— Prompt —
The answer is to be the lines below that lie between the line holding "Jeep Wrangler 4-cyl" and the line holding "Bburago: Rcshelby Gt350 1:24 giochi", inclusive, transcribed exactly and free of pictures.

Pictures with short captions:
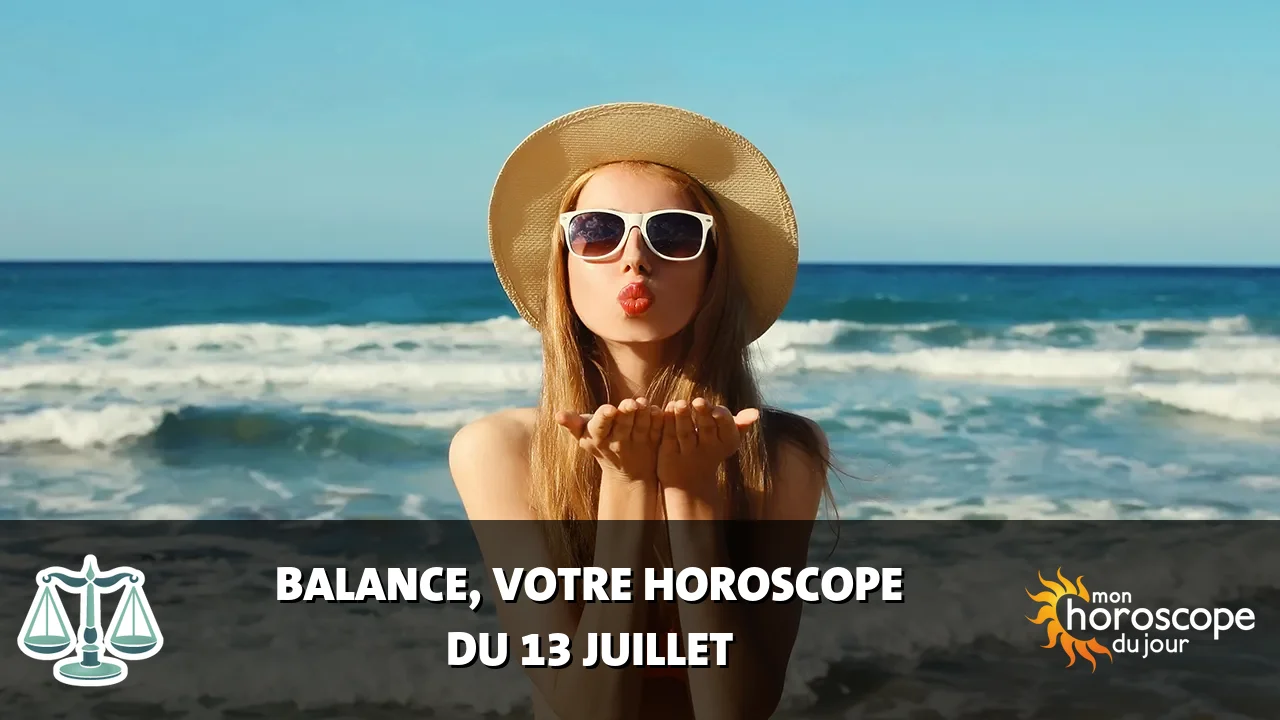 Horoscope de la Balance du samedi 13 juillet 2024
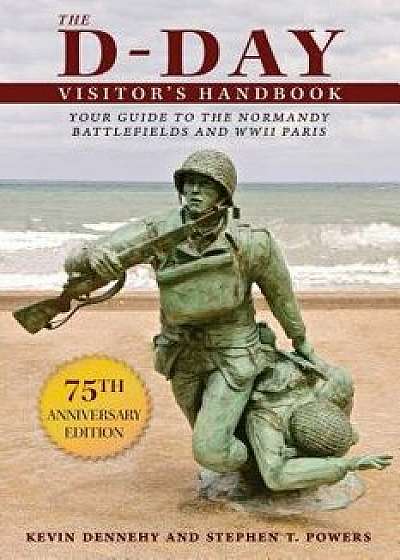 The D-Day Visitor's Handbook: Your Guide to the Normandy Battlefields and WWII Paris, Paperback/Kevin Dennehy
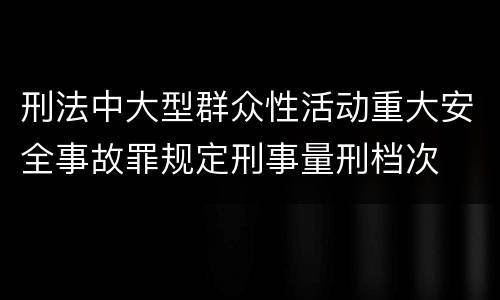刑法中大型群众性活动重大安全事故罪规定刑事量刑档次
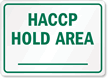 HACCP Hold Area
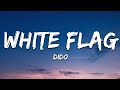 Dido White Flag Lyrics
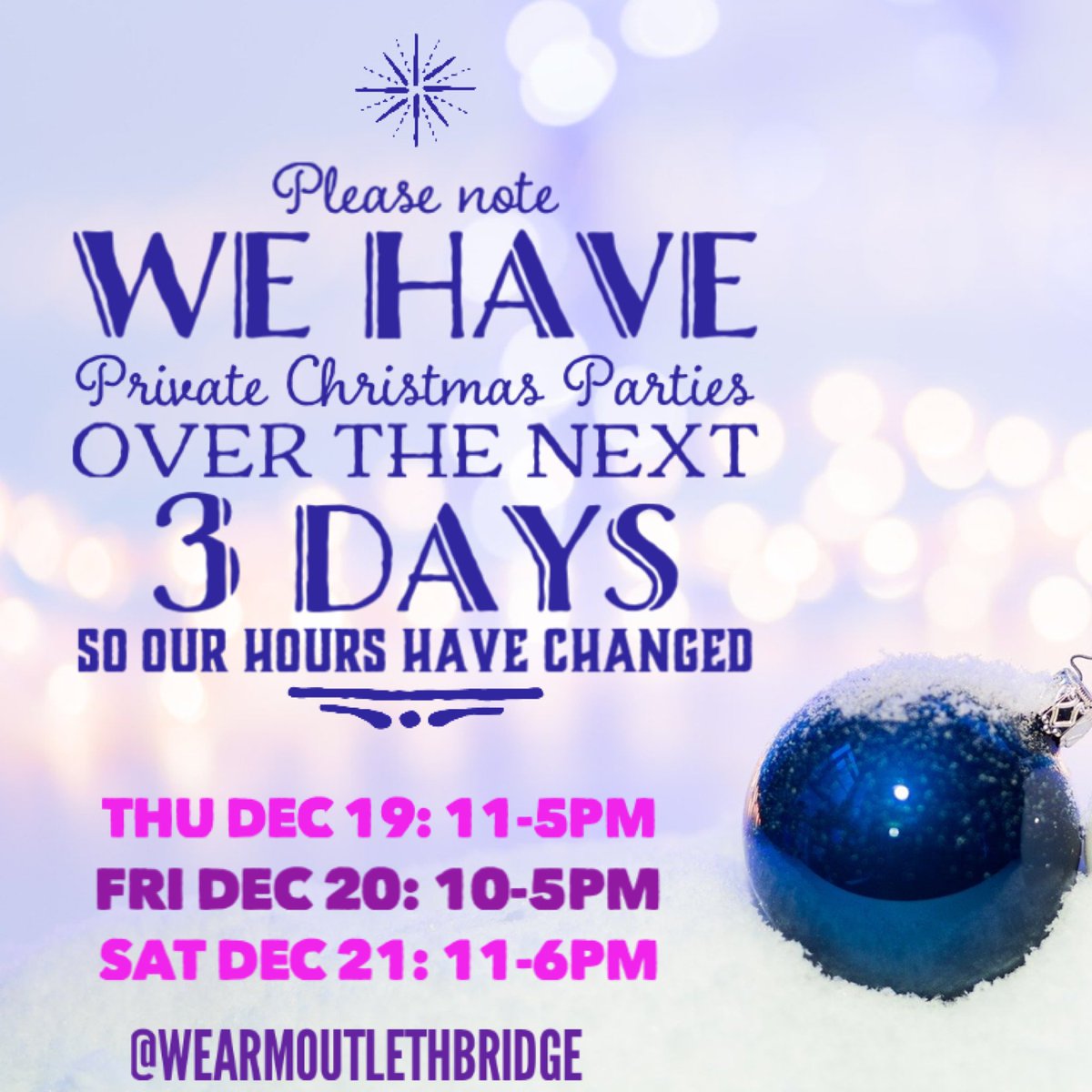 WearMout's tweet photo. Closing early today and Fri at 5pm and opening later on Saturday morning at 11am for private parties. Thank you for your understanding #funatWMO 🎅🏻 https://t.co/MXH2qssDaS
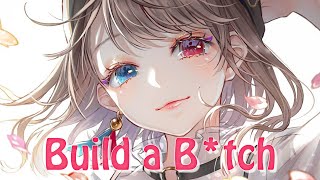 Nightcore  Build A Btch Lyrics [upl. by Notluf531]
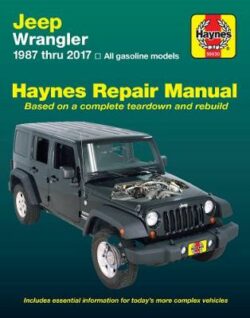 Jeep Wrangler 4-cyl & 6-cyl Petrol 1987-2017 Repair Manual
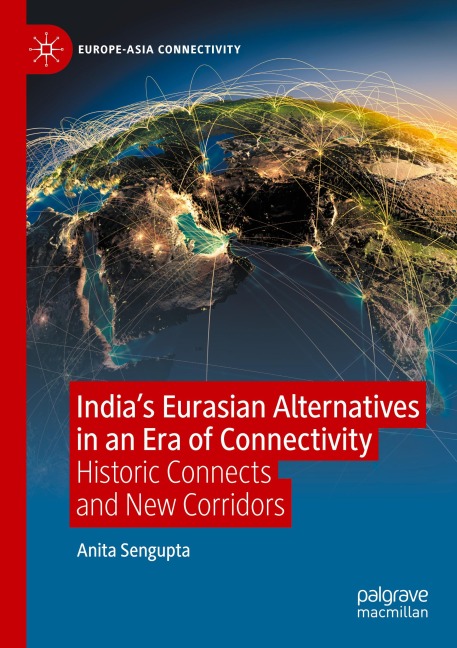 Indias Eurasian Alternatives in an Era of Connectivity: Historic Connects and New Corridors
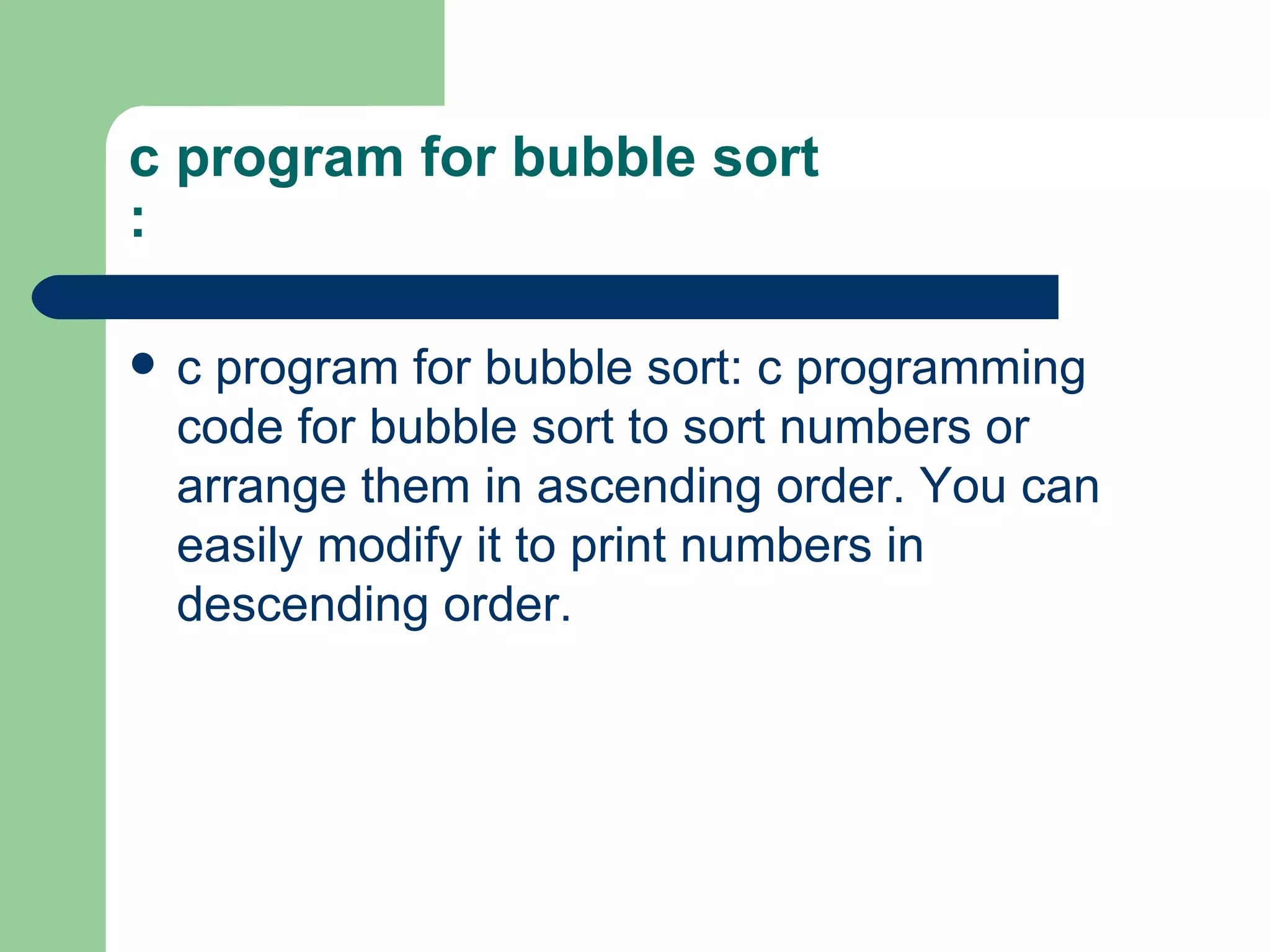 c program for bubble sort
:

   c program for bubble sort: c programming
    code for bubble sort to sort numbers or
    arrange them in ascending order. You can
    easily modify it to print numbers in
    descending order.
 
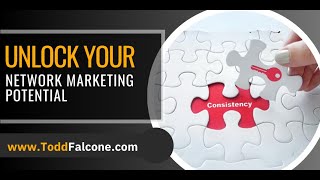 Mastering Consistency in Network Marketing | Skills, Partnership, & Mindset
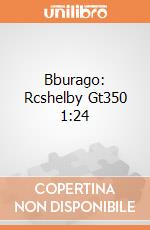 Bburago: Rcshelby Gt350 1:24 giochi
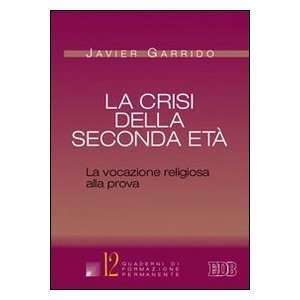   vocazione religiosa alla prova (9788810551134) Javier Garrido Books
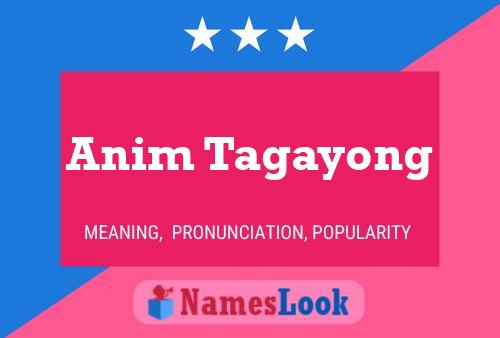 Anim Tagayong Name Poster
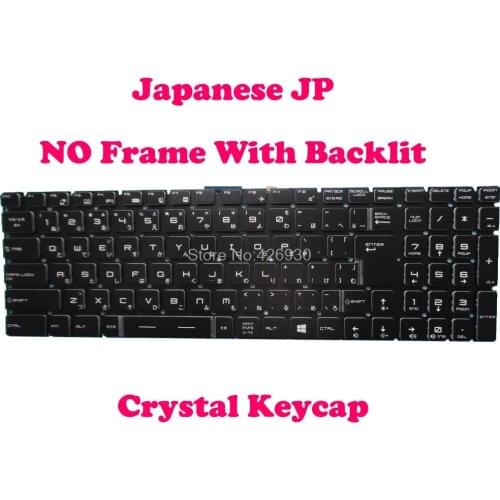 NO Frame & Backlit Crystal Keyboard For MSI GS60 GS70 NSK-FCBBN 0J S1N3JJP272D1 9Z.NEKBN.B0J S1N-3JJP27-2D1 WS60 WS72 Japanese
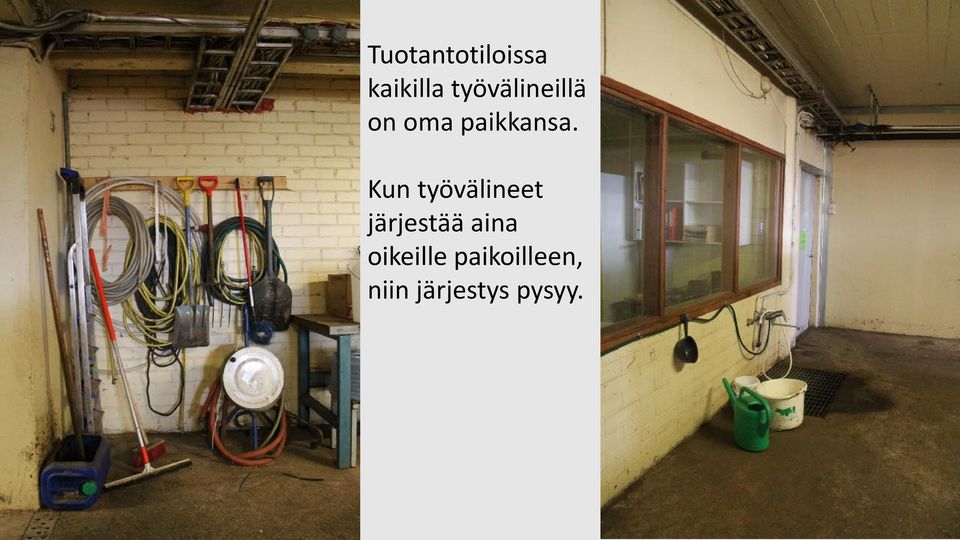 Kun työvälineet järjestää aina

— Expected answer —
 Jeep Wrangler 4-cyl & 6-cyl Petrol 1987-2017 Repair Manual
 Indias Eurasian Alternatives in an Era of Connectivity: Historic Connects and New Corridors
 c program for bubble sort
:

   c program for bubble sort: c programming
    code for bubble sort to sort numbers or
    arrange them in ascending order. You can
    easily modify it to print numbers in
    descending order.
 
 Mastering Consistency in Network Marketing | Skills, Partnership, & Mindset
 Bburago: Rcshelby Gt350 1:24 giochi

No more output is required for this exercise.